As if all this weren't enough, Cookie Monster is cutting back on cookies to set a good example for all those little fatties out there, letting them know that "A Cookie is a Sometimes Food". This happened a while back, but I only heard about it from Cookie Monster's recent appearance on the Colbert Report. I thought it was a joke, but it's true -- Cookie Monster is on a diet changing his lifestyle.

Is nothing sacred?

3 comments:

Anonymous said...

okay I can see if a family has high cholesterol keeping an eye on the kids and MAYBE having them eating a more conservative diet in perhaps to help but to just pit them on a pill just because of the potential?
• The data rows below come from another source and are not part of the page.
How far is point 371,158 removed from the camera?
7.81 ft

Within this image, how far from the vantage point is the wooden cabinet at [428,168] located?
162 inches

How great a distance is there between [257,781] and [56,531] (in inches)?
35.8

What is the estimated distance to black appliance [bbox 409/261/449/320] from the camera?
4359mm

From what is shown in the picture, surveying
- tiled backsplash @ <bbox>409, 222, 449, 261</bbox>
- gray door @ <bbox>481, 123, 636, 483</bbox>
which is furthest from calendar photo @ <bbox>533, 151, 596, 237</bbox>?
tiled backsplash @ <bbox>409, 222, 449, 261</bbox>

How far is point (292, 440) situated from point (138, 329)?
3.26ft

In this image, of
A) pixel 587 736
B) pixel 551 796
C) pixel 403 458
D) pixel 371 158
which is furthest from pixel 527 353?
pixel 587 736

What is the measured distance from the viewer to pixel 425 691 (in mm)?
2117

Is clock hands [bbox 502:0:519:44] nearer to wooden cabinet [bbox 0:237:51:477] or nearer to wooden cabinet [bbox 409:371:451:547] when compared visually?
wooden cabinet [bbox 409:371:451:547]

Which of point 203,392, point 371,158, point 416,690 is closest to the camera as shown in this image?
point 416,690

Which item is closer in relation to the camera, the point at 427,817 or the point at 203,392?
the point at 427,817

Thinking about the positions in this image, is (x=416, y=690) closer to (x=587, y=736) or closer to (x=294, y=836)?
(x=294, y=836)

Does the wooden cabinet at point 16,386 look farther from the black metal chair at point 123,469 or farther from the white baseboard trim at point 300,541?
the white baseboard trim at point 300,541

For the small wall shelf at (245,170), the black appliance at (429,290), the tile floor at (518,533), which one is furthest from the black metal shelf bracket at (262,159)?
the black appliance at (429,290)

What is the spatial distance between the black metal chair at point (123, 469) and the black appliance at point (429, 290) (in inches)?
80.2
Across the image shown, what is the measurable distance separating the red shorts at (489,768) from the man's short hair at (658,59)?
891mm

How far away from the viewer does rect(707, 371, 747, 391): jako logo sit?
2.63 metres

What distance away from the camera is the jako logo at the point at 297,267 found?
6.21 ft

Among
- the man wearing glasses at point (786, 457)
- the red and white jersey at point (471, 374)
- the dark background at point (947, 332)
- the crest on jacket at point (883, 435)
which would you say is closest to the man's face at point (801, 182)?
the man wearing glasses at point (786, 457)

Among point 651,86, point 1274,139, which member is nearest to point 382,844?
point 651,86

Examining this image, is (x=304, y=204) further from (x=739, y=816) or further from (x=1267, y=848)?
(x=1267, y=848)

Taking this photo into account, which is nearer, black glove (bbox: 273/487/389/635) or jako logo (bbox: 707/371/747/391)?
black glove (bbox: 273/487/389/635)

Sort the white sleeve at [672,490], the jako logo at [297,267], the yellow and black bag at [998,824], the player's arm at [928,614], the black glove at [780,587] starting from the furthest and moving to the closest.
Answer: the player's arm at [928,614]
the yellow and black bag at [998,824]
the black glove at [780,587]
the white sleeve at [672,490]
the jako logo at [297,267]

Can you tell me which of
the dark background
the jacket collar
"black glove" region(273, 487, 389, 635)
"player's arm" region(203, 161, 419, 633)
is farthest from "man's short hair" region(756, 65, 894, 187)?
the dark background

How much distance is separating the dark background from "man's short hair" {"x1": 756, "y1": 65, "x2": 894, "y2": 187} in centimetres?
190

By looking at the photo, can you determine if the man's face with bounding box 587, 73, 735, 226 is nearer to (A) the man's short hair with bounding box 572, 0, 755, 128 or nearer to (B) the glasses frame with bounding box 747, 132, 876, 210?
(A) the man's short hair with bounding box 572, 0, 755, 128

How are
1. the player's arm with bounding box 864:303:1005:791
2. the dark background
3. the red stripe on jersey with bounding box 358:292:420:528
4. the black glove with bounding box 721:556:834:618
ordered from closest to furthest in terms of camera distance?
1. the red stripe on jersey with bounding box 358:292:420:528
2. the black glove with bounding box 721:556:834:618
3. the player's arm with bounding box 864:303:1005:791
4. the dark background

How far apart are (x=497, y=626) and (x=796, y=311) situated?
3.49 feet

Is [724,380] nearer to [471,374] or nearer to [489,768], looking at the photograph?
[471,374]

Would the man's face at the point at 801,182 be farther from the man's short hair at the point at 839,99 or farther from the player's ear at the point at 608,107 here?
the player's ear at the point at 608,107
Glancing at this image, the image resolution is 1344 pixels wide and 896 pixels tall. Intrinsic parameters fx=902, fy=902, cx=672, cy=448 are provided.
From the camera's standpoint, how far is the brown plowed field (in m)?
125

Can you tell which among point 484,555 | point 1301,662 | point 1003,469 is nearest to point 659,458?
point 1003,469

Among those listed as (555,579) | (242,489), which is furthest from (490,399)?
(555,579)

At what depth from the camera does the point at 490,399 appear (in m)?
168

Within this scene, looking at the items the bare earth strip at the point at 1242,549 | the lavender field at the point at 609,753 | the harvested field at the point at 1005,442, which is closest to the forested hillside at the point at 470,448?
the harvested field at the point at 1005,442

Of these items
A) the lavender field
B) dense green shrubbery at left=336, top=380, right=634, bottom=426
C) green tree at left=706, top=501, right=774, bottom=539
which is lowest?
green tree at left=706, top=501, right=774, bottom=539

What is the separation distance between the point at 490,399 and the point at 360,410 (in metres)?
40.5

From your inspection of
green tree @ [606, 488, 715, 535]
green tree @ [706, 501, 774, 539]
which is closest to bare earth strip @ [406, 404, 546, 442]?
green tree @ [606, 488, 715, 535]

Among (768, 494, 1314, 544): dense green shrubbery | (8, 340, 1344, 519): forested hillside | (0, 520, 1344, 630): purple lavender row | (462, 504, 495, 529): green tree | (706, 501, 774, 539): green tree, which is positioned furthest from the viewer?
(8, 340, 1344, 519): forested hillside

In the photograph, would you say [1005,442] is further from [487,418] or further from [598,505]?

To me it is sounding like doctors just want to throw a pill at it for a cure all when that may not be the answer to start out with for and eight year old. try all alternatives first before the pill.

Mary said...

I agree. They do say something in the article about encouraging weight loss for kids "at risk" for high cholesterol before prescribing cholesterol drugs, but I'm not sure that's any better -- for one thing, who ever said that being fat causes high cholesterol? And second, 8-year-olds on a weight loss diet?

Jennifer said...

my kids are 9 & 3 1/2 and are of average weight and height, has their share of cookies, ice cream, and chips. But they also has their fruit and veggies and meat too. If there were a high occurance of high cholesterol in either family, of course their diets would be watched closer and be a little stricter on not eating so much of certian things (diet in this context is just regular eating habits and not to restrict caloric intake).